Para o círculo do poder no Kremlin, estas eleições revestem-se de uma importância acrescida. Putin irá atingir o limite constitucional de dois mandatos consecutivos e há uma grande expectativa que durante os próximos anos o processo de sucessão seja iniciado.
Mas não são apenas os insiders próximos de Putin que vêem as eleições do próximo ano como um grande ensaio geral para uma nova era na política russa. Um afastamento do líder mais poderoso desde o fim da União Soviética vai abrir também oportunidades para os seus opositores. A face mais visível é Alexei Navalni, o activista que se notabilizou pelas denúncias de corrupção contra personalidades do regime, e que viu a sua candidatura barrada.
A proibição não foi surpreendente. Apesar de Navalni estar muito longe de representar um perigo real para o domínio eleitoral de Putin, ninguém quer arriscar. “Assim que alguém está no boletim de voto, mesmo alguém que seja considerado um perdedor certo, o desfecho deixa de estar sob controlo”, diz William Taubman, professor do Amherst College, citado pelo NYT.
Mas não se pense que Navalni irá permanecer calado. Pouco depois de ser conhecida a decisão da comissão eleitoral, o activista lançou um apelo aos seus apoiantes para que boicotem as eleições e prometeu organizar manifestações em 85 cidades a 28 de Janeiro. “Recusamos chamar à recondução de Putin uma eleição”, disse o advogado. O Kremlin deixou em cima da mesa uma ameaça velada, prometendo investigar se os apelos ao boicote eleitoral são ilegais.
De qualquer forma, Navalni está longe de ser uma ameaça eleitoral para Putin. A sua base de apoio corresponde sobretudo a uma certa elite urbana, que tradicionalmente se opõe ao regime e que, ao longo dos anos, se foi vendo privada de líderes, como o milionário Mikhail Khodorkovski, o ex-campeão mundial de xadrez, Garry Kasparov ou o ex-ministro assassinado em 2015, Boris Nemtsov.
A pensar no que há-de vir
Sem acesso aos canais de televisão, é na Internet que Navalni vai construindo a sua influência, através dos vídeos que publica no seu canal de YouTube. Nos últimos meses, o activista tem tentado estender a sua influência e abriu sedes de campanha em várias cidades russas, para chegar à enorme fatia do eleitorado que dispõe apenas dos canais televisivos do Kremlin para se informar. Mas também Navalni está com os olhos postos na era pós-Putin.
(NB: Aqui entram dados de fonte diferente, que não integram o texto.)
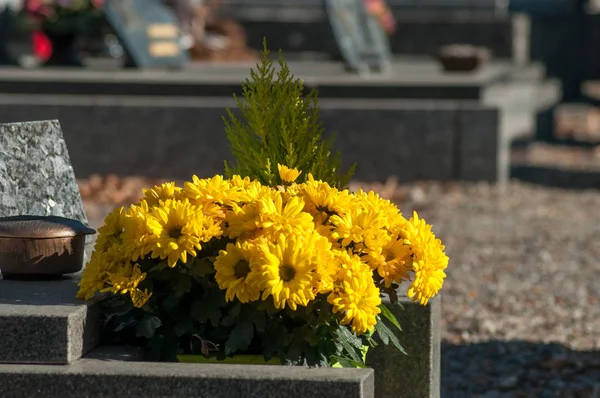 Närbild Gula Krysantemum Graven Kyrkogården — Stockfoto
“Ninguém honestamente pensa poder bater Putin”, diz à NBC News a directora do programa Rússia e Eurásia do Centro de Estudos Internacionais e Estratégicos, Olga Oliker. “Eles sabem que não podem vencer, mas podem assinalar a sua presença e planear um futuro em que ganhar eleições se irá tornar possível”, acrescenta.
Até entre a chamada “oposição sistémica” – composta pelos partidos tolerados pelo Kremlin para darem uma aparência de competição eleitoral – parece começar a instalar-se a noção de que Putin não é eterno. O Partido Comunista surpreendeu a Rússia com a escolha do seu candidato para as eleições presidenciais. O veterano Guennadi Ziuganov, que em 1996 esteve perto de derrotar Boris Ieltsin, deu lugar a Pavel Grudinin, um empresário agrícola de 57 anos.
O Partido Comunista é hoje eleitoralmente o segundo principal partido na Rússia e tem beneficiado de parte do voto de protesto entre a população mais crítica da corrupção entre os dirigentes do Kremlin. A aposta num novo rosto tem o objectivo de consolidar o apoio crescente entre algum eleitorado mais jovem – mas sem beliscar a maioria encomendada por Putin.